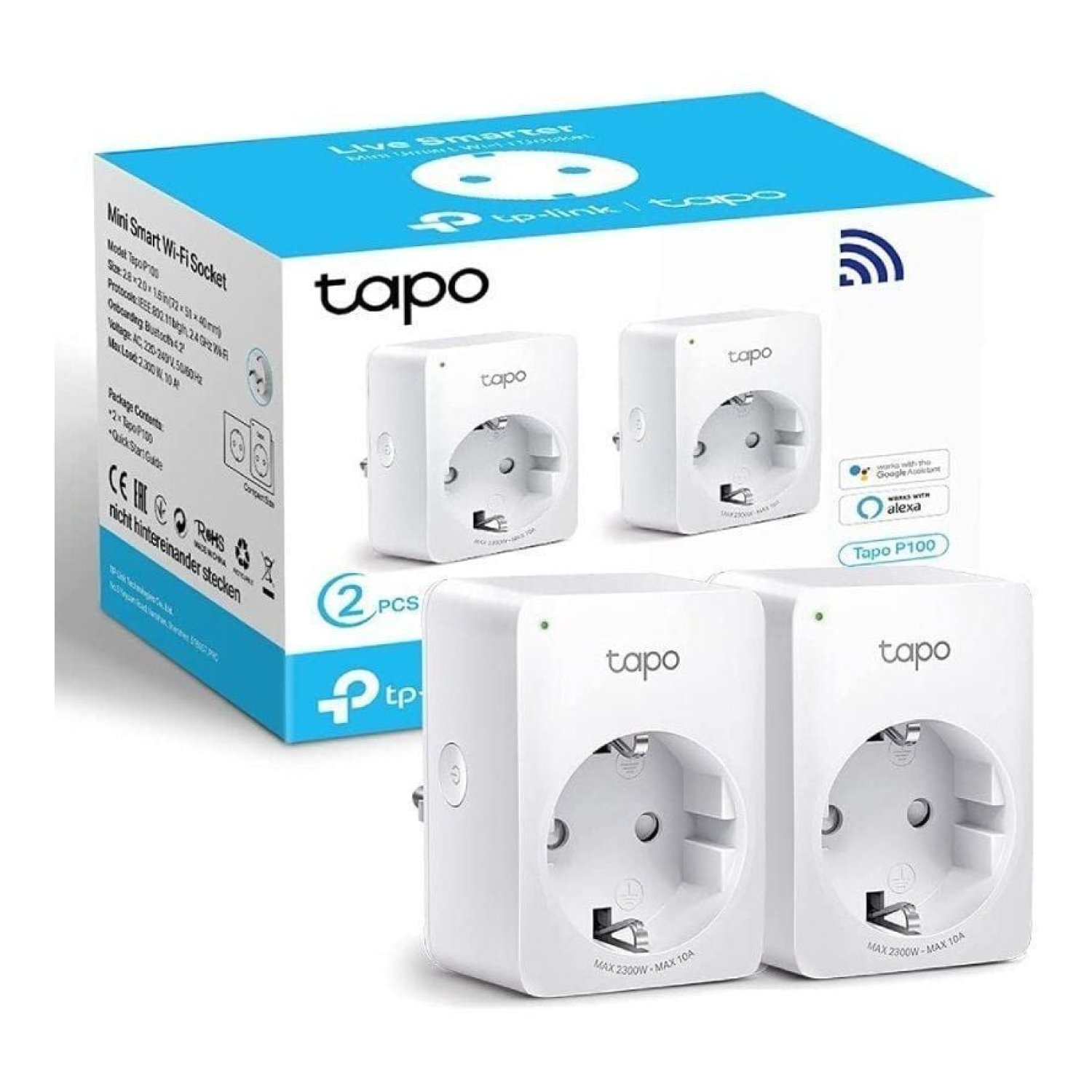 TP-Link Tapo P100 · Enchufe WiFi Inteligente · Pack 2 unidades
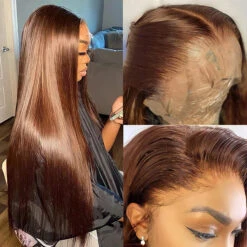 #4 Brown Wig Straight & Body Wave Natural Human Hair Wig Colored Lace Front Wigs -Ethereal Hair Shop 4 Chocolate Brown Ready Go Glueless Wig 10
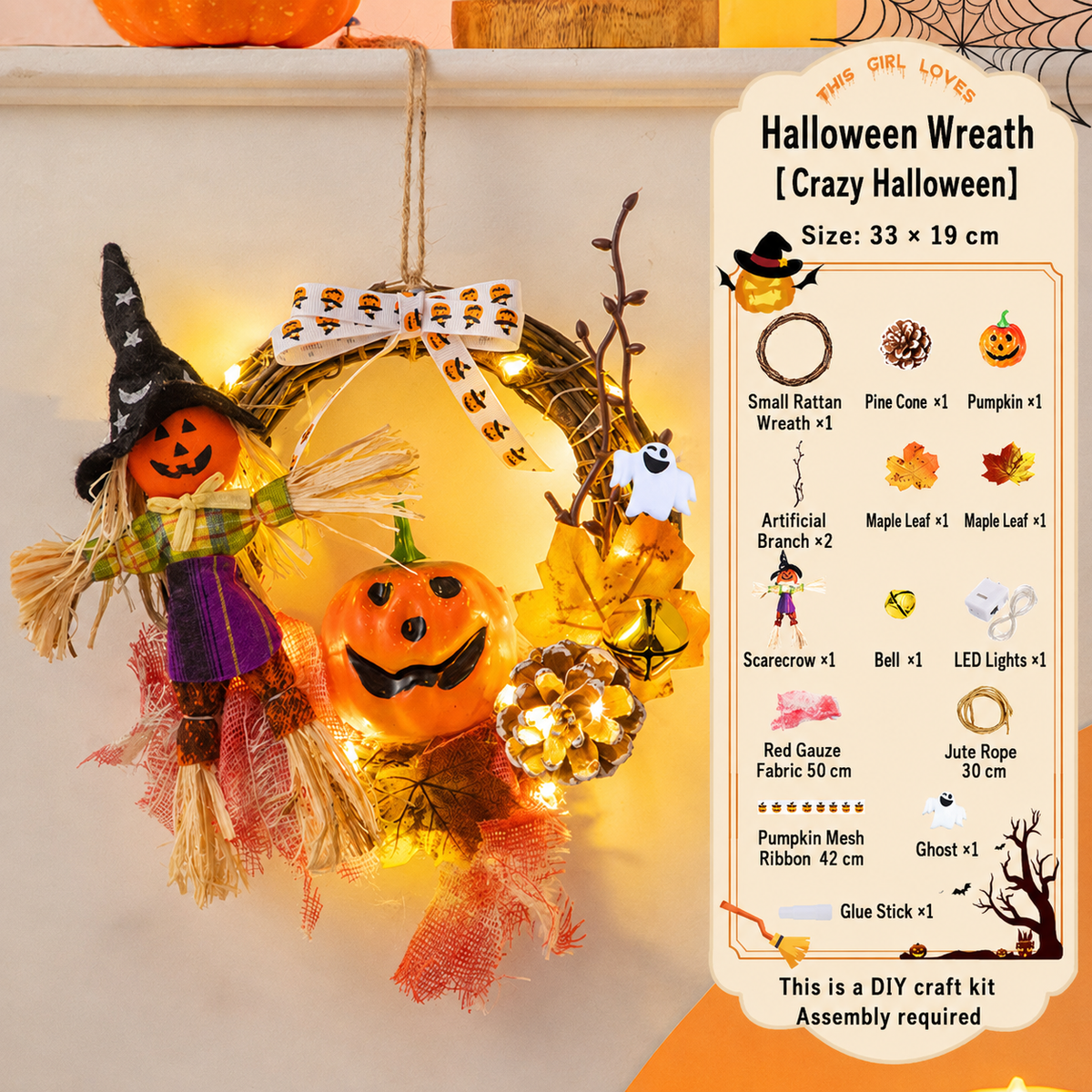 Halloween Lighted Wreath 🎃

### To do
Reproduce the listing exactly. Do not include its images.

### The completed task
 TP-Link Tapo P100 · Enchufe WiFi Inteligente · Pack 2 unidades
 #4 Brown Wig Straight & Body Wave Natural Human Hair Wig Colored Lace Front Wigs -Ethereal Hair Shop 4 Chocolate Brown Ready Go Glueless Wig 10
 Halloween Lighted Wreath 🎃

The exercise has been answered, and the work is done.